The alpine region is west of the Miya fault and has an elevation of 3500 to 6000 m, with complex terrain. Due to the strong river incision, the relative altitude difference exceeds 1000 m, the river is twisting with a longitudinal slope of 3‰ to 5‰, and the river valley is either U- or V-shaped. The medium-high mountain area is situated between the Miya fault and Aertashi fault at an elevation of 2500 to 3500 m, where the river valley is mainly U-shaped and has a bottom width of 250 to 450 m. The low-mountain and hilly area is east of the Aertashi fault and generally lower than 2500 m, with river valleys being 550 to 3500 m wide and with a rugged topography.

The outcrop strata at the power generation and water diversion system mainly include the Carboniferous system, Proterozoic strata, and Quaternary system. The Proterozoic Bulunkuole Group, mainly containing quartz schist and quartz-granulite, is medium-thick layered and has intact structures. The Carboniferous system mainly consists of sandstone, tuff sandstone, and conglomerate, and shows NW-trending zonal distribution.
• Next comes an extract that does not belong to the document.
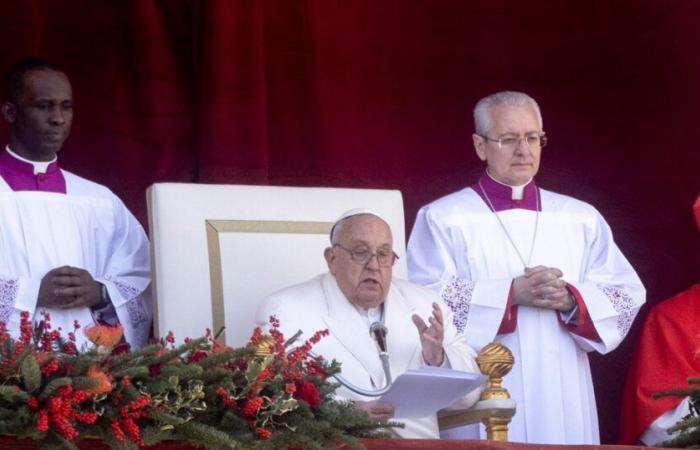 Papst Franziskus fordert in seiner Weihnachtsansprache alle Nationen auf, „den Waffenlärm zum Schweigen zu bringen“.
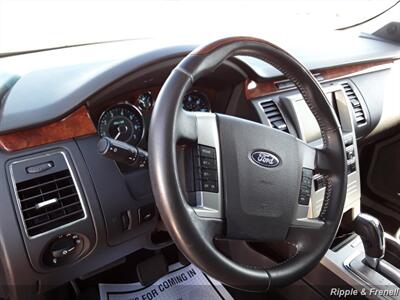 2010 Ford Flex Limited   - Photo 14 - Davenport, IA 52802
The Quaternary system is widely distributed and includes glacial drift, proluvial, colluvial slope, and alluviation.

The strata along the generator chamber show stable occurrence, with a strike angle of 320° to 350° SW and an included angle of 30° to 50° with the chamber axis. There is no large fault along the generator chamber, while small faults are developed, and the included angle between most faults and the chamber axis is greater than 30°. The occurrence of main faults is described in Table 1.

3.2. Computational Model

Two principles should be followed to determine the computational domain: (1) The geometric range should completely cover the engineering affected zone and be appropriately enlarged to reduce the boundary effect. (2) The geometric constraints at the boundary should be easy to determine [31]. Based on the range of the engineering area and the engineering geological condition, the computational domain is ascertained to be a rectangular plane domain with a long axis of 12,320 m and a short axis of 2060 m, as shown in Figure 3a. The powerhouse chamber is 600 to 1000 m from the fault zone, where secondary faults and joint fissures are relatively well developed. NNW and NNE-trending faults are mainly developed along the chamber. According to statistical results pertaining to such faults (Table 1), representative faults are taken for geostress simulation. The fault distribution is illustrated in Figure 3b. Through finite element mesh division, 121,130 elements and 59,843 nodes are generated, as displayed in Figure 3c. The lithological distribution in the computational domain is displayed in Figure 3d. Mechanical parameters of rock masses and faults are listed in Table 2 and Table 3.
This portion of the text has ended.